During the Thatcher and Major governments, Labour took seats from the Tories in every local election but two during non-general election years. In non-general election years, average council election gains for a party in opposition are 434 seats. And since Labour left government in 2010, we have won seats in every year there wasn’t a general election.
So May is a big test for Labour. We need to show we are getting back in touch with the public by winning hundreds of local council seats across the country.
It won’t be enough for Labour just to do well in London. Labour is already doing well in London. We know that. Our vote share in London increased by seven percentage points between the 2010 and 2015 general elections. Over the same period, our national share of the vote went up by just 1.5 per cent.
In London, our fantastic mayoral candidate Sadiq Khan knows that Labour only wins when we run a broad-based campaign that reaches out beyond our core supporters. To that extent, there are lessons here for the national party. We are also blessed in London with a Conservative candidate who has not exactly set the heather on fire. Whilst we are not in any way complacent, Labour is right to feel cautiously optimistic about our chances in London.
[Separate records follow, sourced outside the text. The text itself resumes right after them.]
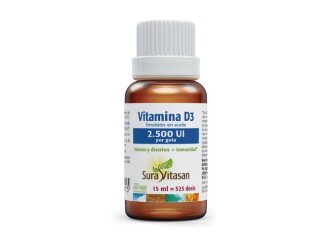 Vitamina D3 2.500Ui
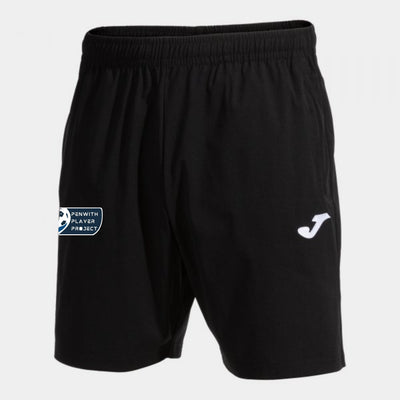 Penwith Player Project - Coaches Short - Black
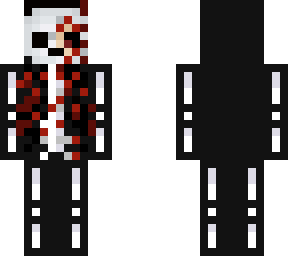 bloody skeleton 2.0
May is also an opportunity to show we can hold onto the Welsh Government, where Labour has been a governing party since 2003. In Scotland, we were promised that Jeremy Corbyn’s anti-austerity message was the key to turning around Labour’s fortunes north of the border. The local elections in England will demonstrate whether Labour really does have momentum, so to speak, and whether or not the agenda being driven by Corbyn and John McDonnell is appealing to ordinary voters.
The truth is Labour needs to be a party that the Tories once again fear. And that means going on the offensive against them. That’s why I was disappointed to learn that the one thing in common between all of Labour’s 16 target councils in the May elections is that they are already held by Labour.
When local government and our local public services are being decimated, and when the Tories are tearing themselves apart on Europe, this is no time for Labour to ‘play defense’ (to use that American phrase). Any look at the historic precedents show that at this stage of the electoral cycle, Labour shouldn’t be adopting a defensive strategy: we should be filling our boots.
Yes, Labour did well in the 2012 local elections. But you would be hard pushed to say that a moment two years after losing one general election and three years before losing another was somehow a high watermark of the party’s electoral success.
Last week’s PLP saw Jeremy Corbyn make reference to recent opinion polls. Personally, I admired his optimism. But May’s local elections represent the biggest poll of opinions we’ll see in this Parliament – real votes cast in real elections in every corner of the country. Only then will we know how Labour is really doing. May is a chance for Jeremy to defy both his critics and the polls.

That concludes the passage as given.